> [PROBLEM DESCRIPTION]
Take the line that contains "Giant TCR Advanced" and each line after it to the end of the data below, and set them down exactly, omitting pictures.

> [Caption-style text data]
------------

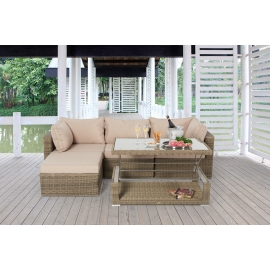 tisch oben noah natural mit rattan lounge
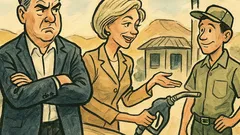 Ανέκδοτο: Κλίντον-Χίλαρι στο βενζινάδικο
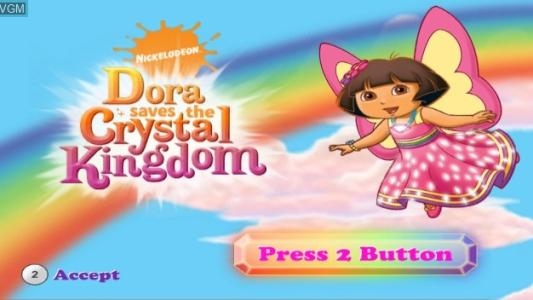 Nickelodeon Dora the Explorer: Dora Saves the Crystal Kingdom titlescreen
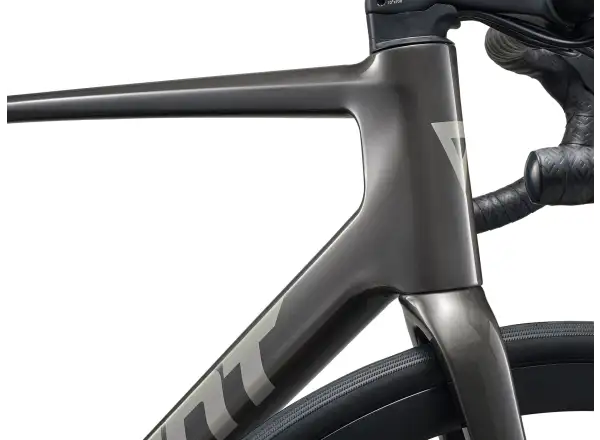 Giant TCR Advanced 2 KOM cestný bicykel Stealth Chrome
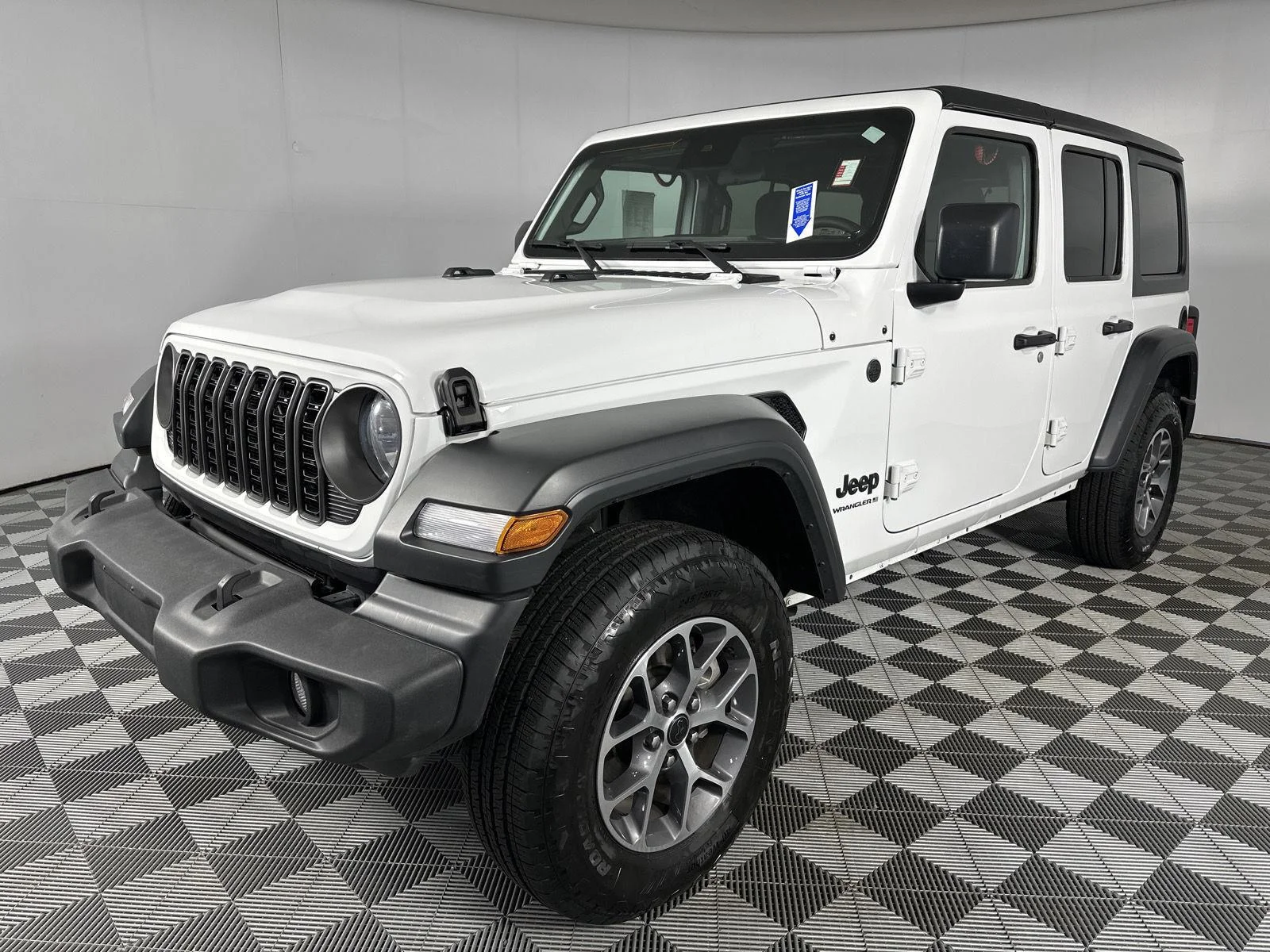 Used 2024 Bright White Clearcoat Jeep Sport S image 3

------------

> [RESPONSE TO THE EXERCISE]
 Giant TCR Advanced 2 KOM cestný bicykel Stealth Chrome
 Used 2024 Bright White Clearcoat Jeep Sport S image 3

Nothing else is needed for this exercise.